While a GPU accelerated terminal emulator sounds great on paper, do keep in mind...

PavlovsCat · on Nov 28, 2018

There's probably lots of room for optimization, for example currently it sets and resets all sorts of GPU state on each print call, for each character, which is rather expensive:

https://github.com/liamg/aminal/blob/master/glfont/font.go#L...

Speaking of the main loop, for every columm and every row:

    cx := uint(gui.terminal.GetLogicalCursorX())

which in turn calls another function -- move that outside of the loop and do it once. Generally buffer values that don't change and get used in loops, instead of fetching them by calling functions on each iteration.

Also, while it may not matter much in this case unless there are other sources of GC churn, just because I noticed it: don't create an array for the vertices for every character to then throw it away and recreate it, have one and keep reusing that.

eru · on Nov 28, 2018

If you have good generational GC (with relocation), then creating and destroying short-lived objects should be almost free?

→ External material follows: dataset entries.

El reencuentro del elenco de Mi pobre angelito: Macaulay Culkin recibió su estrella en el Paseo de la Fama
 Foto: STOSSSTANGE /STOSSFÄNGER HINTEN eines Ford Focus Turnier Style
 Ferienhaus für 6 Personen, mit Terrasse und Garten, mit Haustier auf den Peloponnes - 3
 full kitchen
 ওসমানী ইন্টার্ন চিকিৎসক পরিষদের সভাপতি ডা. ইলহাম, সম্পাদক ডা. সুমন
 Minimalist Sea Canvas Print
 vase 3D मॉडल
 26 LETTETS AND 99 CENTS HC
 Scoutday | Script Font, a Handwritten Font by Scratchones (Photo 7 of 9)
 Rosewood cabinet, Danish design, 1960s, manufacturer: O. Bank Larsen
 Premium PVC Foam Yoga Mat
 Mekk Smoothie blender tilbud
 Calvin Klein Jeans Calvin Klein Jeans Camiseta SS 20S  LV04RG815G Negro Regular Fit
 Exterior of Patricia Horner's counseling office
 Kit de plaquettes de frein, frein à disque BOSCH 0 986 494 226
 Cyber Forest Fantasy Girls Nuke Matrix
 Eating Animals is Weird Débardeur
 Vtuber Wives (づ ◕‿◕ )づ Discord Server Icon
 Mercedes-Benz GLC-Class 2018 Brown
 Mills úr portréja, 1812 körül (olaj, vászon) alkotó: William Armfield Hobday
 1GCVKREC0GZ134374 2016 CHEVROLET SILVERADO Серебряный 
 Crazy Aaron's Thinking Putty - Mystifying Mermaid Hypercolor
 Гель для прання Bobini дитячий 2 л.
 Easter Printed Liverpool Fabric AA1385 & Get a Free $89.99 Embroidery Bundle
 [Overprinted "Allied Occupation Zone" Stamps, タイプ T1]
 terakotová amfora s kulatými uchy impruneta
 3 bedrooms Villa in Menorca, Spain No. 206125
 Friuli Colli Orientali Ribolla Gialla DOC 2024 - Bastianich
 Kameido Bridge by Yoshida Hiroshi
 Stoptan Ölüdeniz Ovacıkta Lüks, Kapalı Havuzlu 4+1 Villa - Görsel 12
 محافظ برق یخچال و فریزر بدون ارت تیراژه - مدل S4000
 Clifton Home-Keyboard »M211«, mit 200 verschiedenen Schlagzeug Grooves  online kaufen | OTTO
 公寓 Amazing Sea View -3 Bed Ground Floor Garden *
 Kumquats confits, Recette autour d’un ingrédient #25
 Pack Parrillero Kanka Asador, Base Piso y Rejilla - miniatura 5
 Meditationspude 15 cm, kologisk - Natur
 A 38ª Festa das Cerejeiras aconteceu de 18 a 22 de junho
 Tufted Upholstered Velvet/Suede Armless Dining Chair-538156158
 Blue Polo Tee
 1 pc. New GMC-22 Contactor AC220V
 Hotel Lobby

In practice, you will be re-using the same areas of memory.

kibwen · on Nov 28, 2018

Go's GC is deliberately non-relocating, which precludes being generational. https://blog.golang.org/ismmkeynote The repeated state in question might be benefiting from escape analysis, but I can't tell from a cursory examination.

PavlovsCat · on Nov 28, 2018

Sure, but almost free GC is free in the same way throwing away 3 cents is almost free. Once it adds up enough to cause lost frames, anyway. Just like a straw practically weighs nothing, except when it's the straw that causes the camel to miss a frame.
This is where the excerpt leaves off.